# DATA EXCERPT

++++++++++

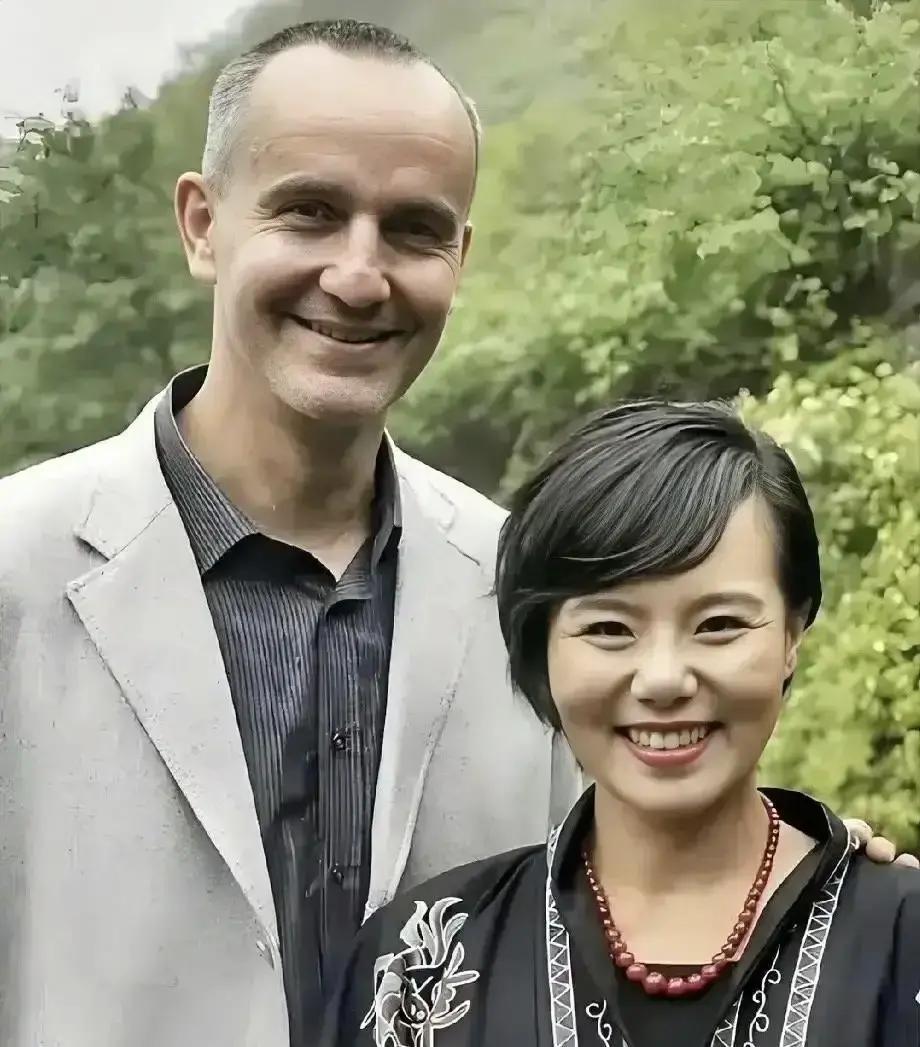 “神曲”背后的男人，翻车了！德国音乐人老锣，一手把龚琳娜送上《忐忑》巅峰，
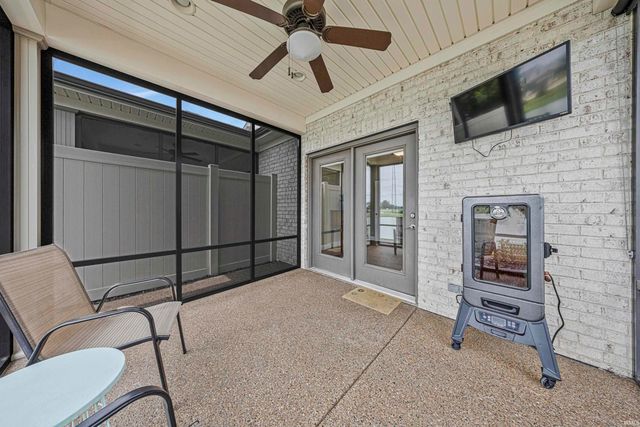 9354 Oak Point, Newburgh, IN 47630
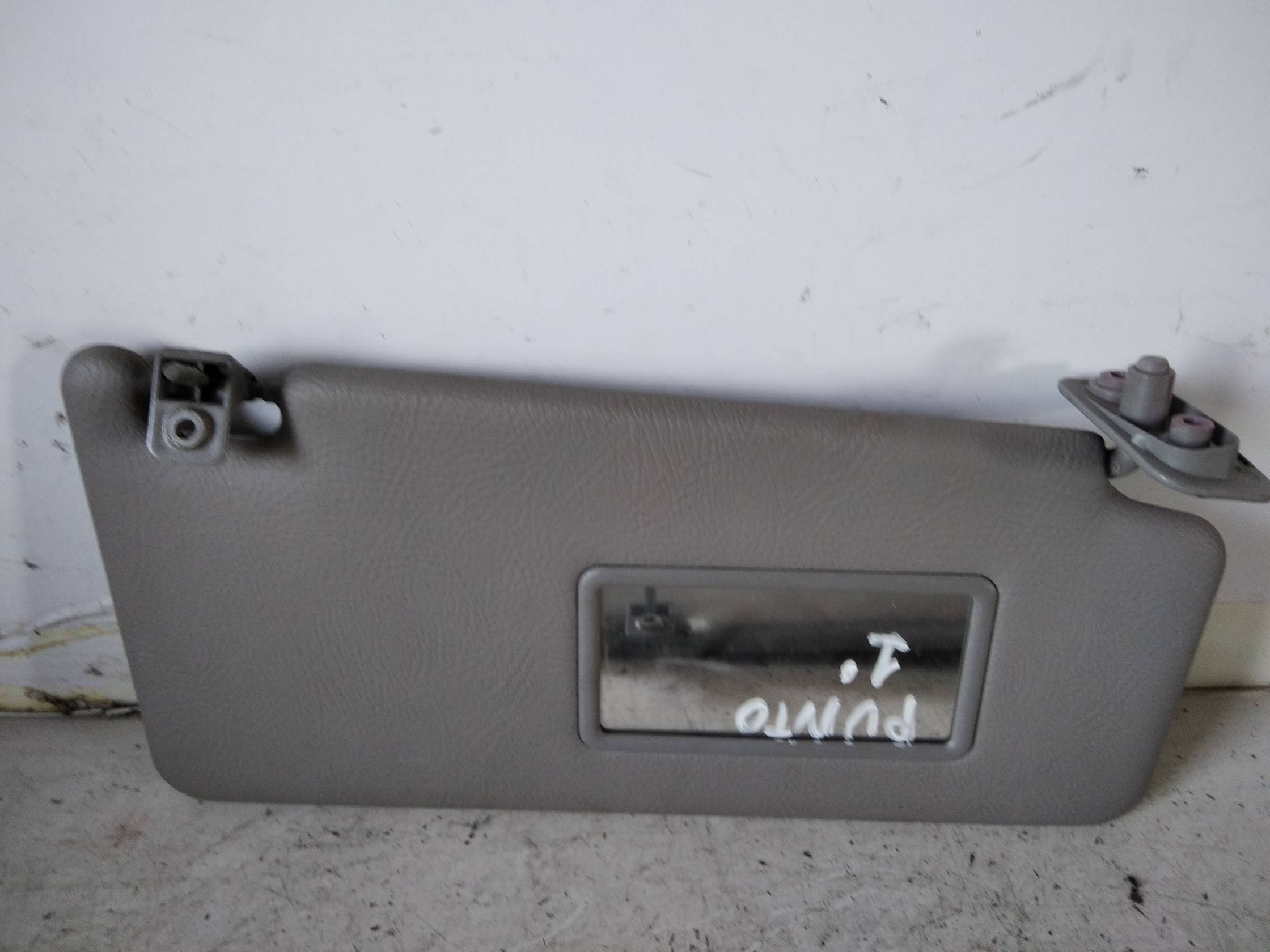 Aletta parasole parabrezza dx.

++++++++++

Please output the material as written, apart from the images.

# SOLUTION TO THIS EXERCISE
 “神曲”背后的男人，翻车了！德国音乐人老锣，一手把龚琳娜送上《忐忑》巅峰，
 9354 Oak Point, Newburgh, IN 47630
 Aletta parasole parabrezza dx.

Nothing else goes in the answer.